C'est ce qu'a expliqué Yannick Allard ce matin au procès de la femme de 41 ans accusée du meurtre non-prémédité de son livreur de cocaïne, Nicola Terranova. M. Allard et sa conjointe, Joyce Ellis, habitaient le logement situé sous celui de l'accusée dans un immeuble de la 1ère avenue à Verdun.

Le 28 décembre 2007, le corps de Nicola Terranova, 36 ans, a été retrouvé sans vie dans le bain du logement de l'accusée. La victime a reçu «au moins» 19 coups à la tête assénés à l'aide d'un marteau et/ou d'une bouteille.

Cette nuit-là, vers 4h du matin, Joyce Ellis a entendu des bruits provenant du logement de l'accusée, comme si cette dernière donnait des coups de pied sur le plancher.

Les deux femmes avaient une entente: si l'une frappait avec un balai au plafond ou si l'autre donnait des coups de pied au plancher, cela voulait dire qu'elle avait un problème. L'accusée - qui vivait seule - s'est ensuite mise à crier: «à l'aide».

Mme Ellis a donc réveillé son mari, puis tous deux sont allés cognés à la porte de leur voisine. Personne n'a répondu. Plutôt que d'appeler le 911, le couple est retourné se coucher.

«C'est triste à dire, mais je n'en ai pas fait de cas. Dans mon quartier, ça crie tout le temps», a dit le voisin aux jurés ce matin, interrogé par la Couronne. Sa conjointe, aussi appelée à la barre en matinée, leur a servi une réponse semblable. «Si vous viviez dans mon immeuble, vous comprendriez. Il y a toujours des bagarres», a-t-elle indiqué.

L'accusée avait emménagé dans l'immeuble de la 1ère avenue quelques mois avant le meurtre. Mme Ellis et elle se sont liées d'amitié. Mais cette nuit-là, Mme Ellis, mère de trois enfants, était «en criss» d'avoir été réveillée. Elle ne s'est donc pas inquiétée outre mesure des raisons pour lesquelles sa voisine aurait pu crier «à l'aide», puis ne pas répondre à la porte.

Le matin du 28 décembre, l'accusée a finalement donné signe de vie à ses voisins. Elle les a appelés pour s'excuser du vacarme, expliquant que ses deux chats avaient fait tomber des bouteilles d'alcool installées sur une table de la salle à manger. L'accusée voulait également leur emprunter de l'eau de Javel. Elle n'est toutefois pas descendue en chercher.

La victime avait pris de la coke

Avant d'aller livrer de la cocaïne, Nicola Terranova en avait lui-même consommé avec sa conjointe, Caroline Carty, a témoigné cette dernière en après-midi.
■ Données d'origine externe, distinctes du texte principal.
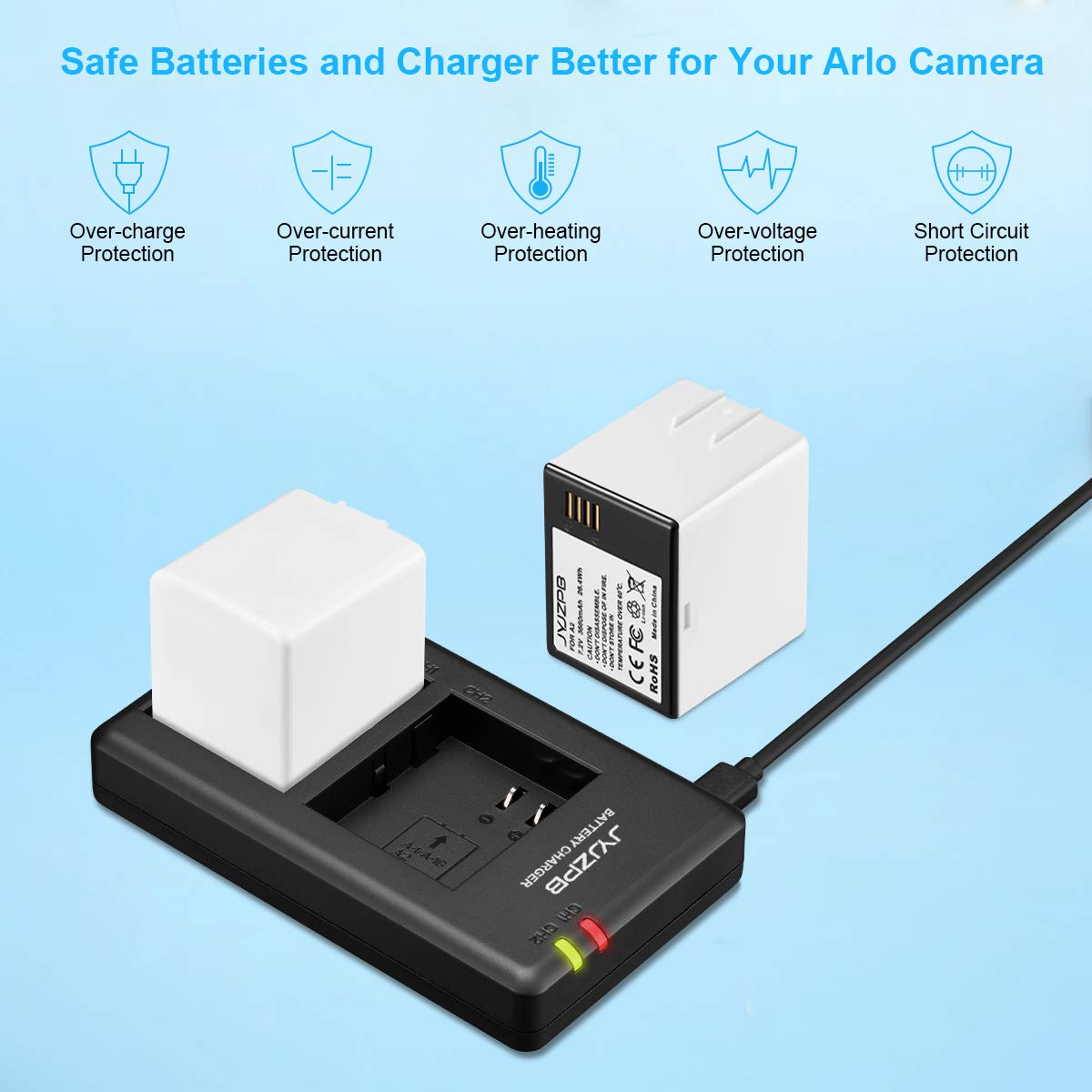 7.2V 3660mAh Rechargeable Li-ion Battery Pack & Dual Charger for Arlo Go Camera - Long Lasting Power Supply for Outdoor Security Surveillance & Travel Use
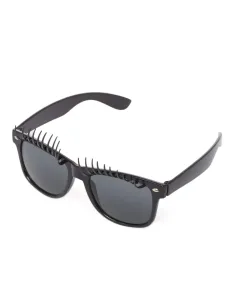 Kostümzubehör Brille mit Wimpern Farbe: schwarz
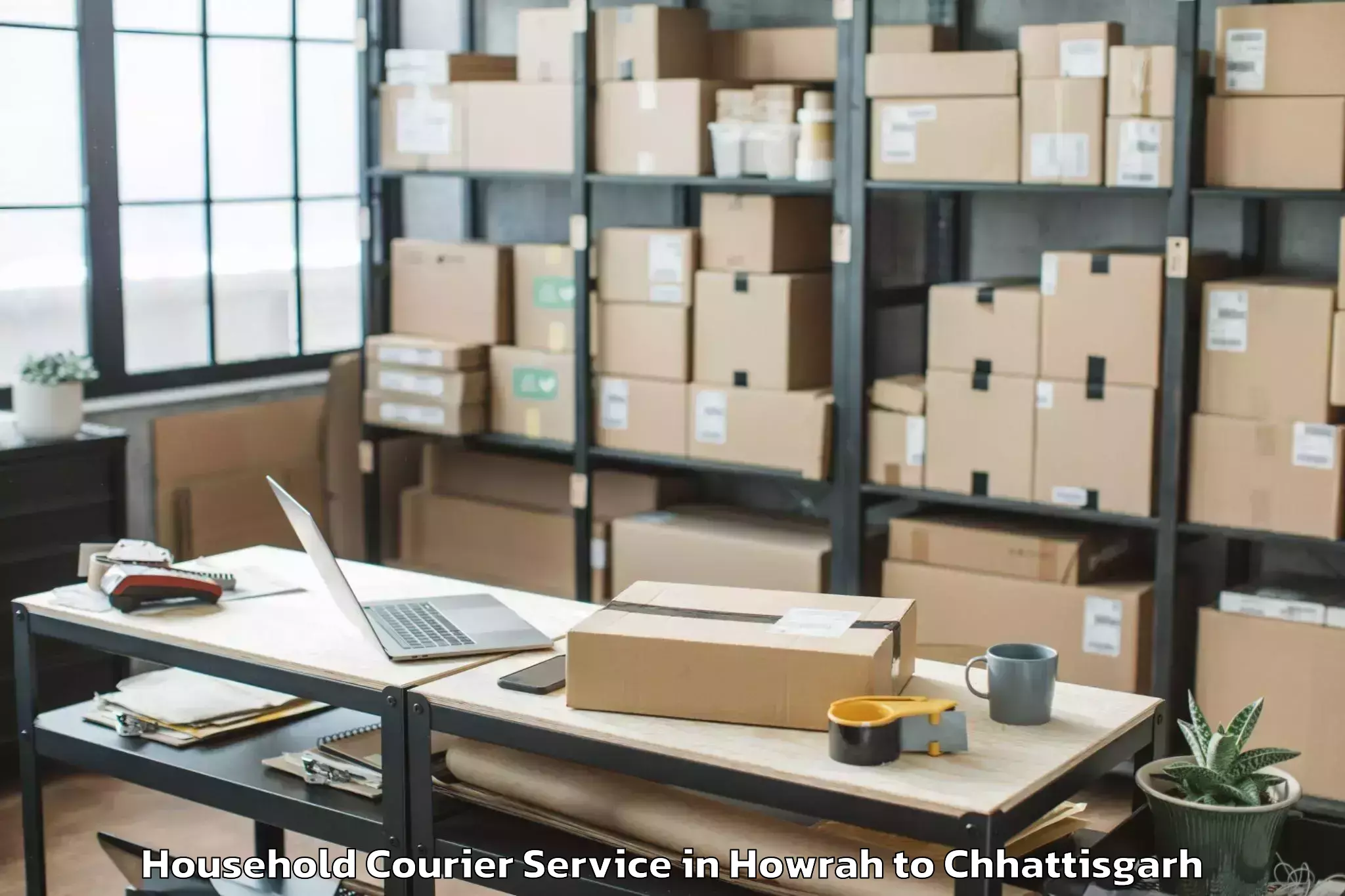 Reliable Howrah to Jashpurnagar Household Courier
Il devait livrer de la drogue à plusieurs clients cette nuit-là. Il a quitté leur logement vers 4h. Trente minutes plus tard, elle l'a rejoint sur son cellulaire pour lui souhaiter «bonne fête». Il semblait de bonne humeur, a-t-elle indiqué.

Peu avant 5h, le répartiteur du livreur, celui qui recevait les commandes des clients -un certain Tony - a appelé Mme Carty, car il était sans nouvelle de Terranova. Cette dernière a tenté de rejoindre son conjoint à nouveau, sans succès. Elle craignait qu'il se soit fait arrêter.

Le corps de la victime sera retrouvé vers 15h35 cette journée-là.

La preuve de la Couronne, représentée par Me Hélène Di Salvo, se poursuit mardi. Le procès devant jury doit durer trois semaines.